浅野 たとえば、「はえんかぜ」を見るために、観光客や自治体関係者の視察などが多く島を訪れ、交流人口が増えました。これにより、賑わい創出ができたと思っています。
また、2018年には、再生可能エネルギーの普及を見据え、市内の企業・団体・個人の出資による地域新電力会社・五島市民電力株式会社が設立。経済発展・雇用促進にも寄与しています。
税収入も大きなメリットといえます。浮体式洋上風力発電設備は「非自航船」といって、自力で航行する能力を持たない船舶。償却資産としての固定資産税が発生するため、将来的に浮体式洋上風力発電設備が増えていけば、それだけ税収入を増やすことができる計算です。
──「はえんかぜ」実用化が、五島市の活性化にも大きく貢献しているのですね。
浅野 現在は8基の浮体式洋上発電設備を建設する「五島洋上ウィンドファーム」を建設し、2026年1月の運転開始を目指してプロジェクトを進めています。
各基が2.1メガワットの発電能力を持し、総発電規模16.8メガワットの発電設備となる予定ですが、2メガワットクラスでは事業の採算性が厳しい面があります。そのため将来的には、15メガワットクラスの風車を動かすことを目標に、大型の風車を浮体に一括搭載できる施工手段の開発にも取り組んでいます。

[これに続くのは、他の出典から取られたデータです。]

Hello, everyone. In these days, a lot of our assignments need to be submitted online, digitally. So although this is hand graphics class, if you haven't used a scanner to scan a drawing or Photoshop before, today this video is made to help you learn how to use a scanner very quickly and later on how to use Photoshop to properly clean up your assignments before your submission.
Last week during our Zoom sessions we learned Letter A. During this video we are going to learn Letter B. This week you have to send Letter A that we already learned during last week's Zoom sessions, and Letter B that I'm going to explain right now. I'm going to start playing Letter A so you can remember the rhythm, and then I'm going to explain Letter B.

技術革新とスケールアップしながらの解析モデル作成、実証実験を重ね、2035年には15メガワットクラスの浮体式洋上風力発電を実用化できるよう考えています。
(注)現在、15メガワットクラスの風車の主要メーカーとしては、GE(アメリカ)、シーメンスガメサ(スペイン)、べスタス(デンマーク)などが挙げられるという。

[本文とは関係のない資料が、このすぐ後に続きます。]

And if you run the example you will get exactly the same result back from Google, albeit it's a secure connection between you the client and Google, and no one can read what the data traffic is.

日本近海では「浮体式洋上風力発電」に優位性があるといわれる理由
──浮体式洋上風力発電に注目した背景について教えてください。
浅野 弊社が洋上風力への取り組みをはじめた2007年当時から、化石燃料を使用する火力電力に代わる、水力、太陽光、そして風力といった再生可能エネルギーの重要性は認識されていました。
当時は、再生可能エネルギーといえば太陽光発電が主流。しかし、平地の少ない日本では、太陽光パネルを設置できる場所には限りがあり、また昼夜の発電量に大きな差があるという課題もありました。そこで、安定した電力量が得られ、将来的に発展性が見込める風力発電に私たちは着目したのです。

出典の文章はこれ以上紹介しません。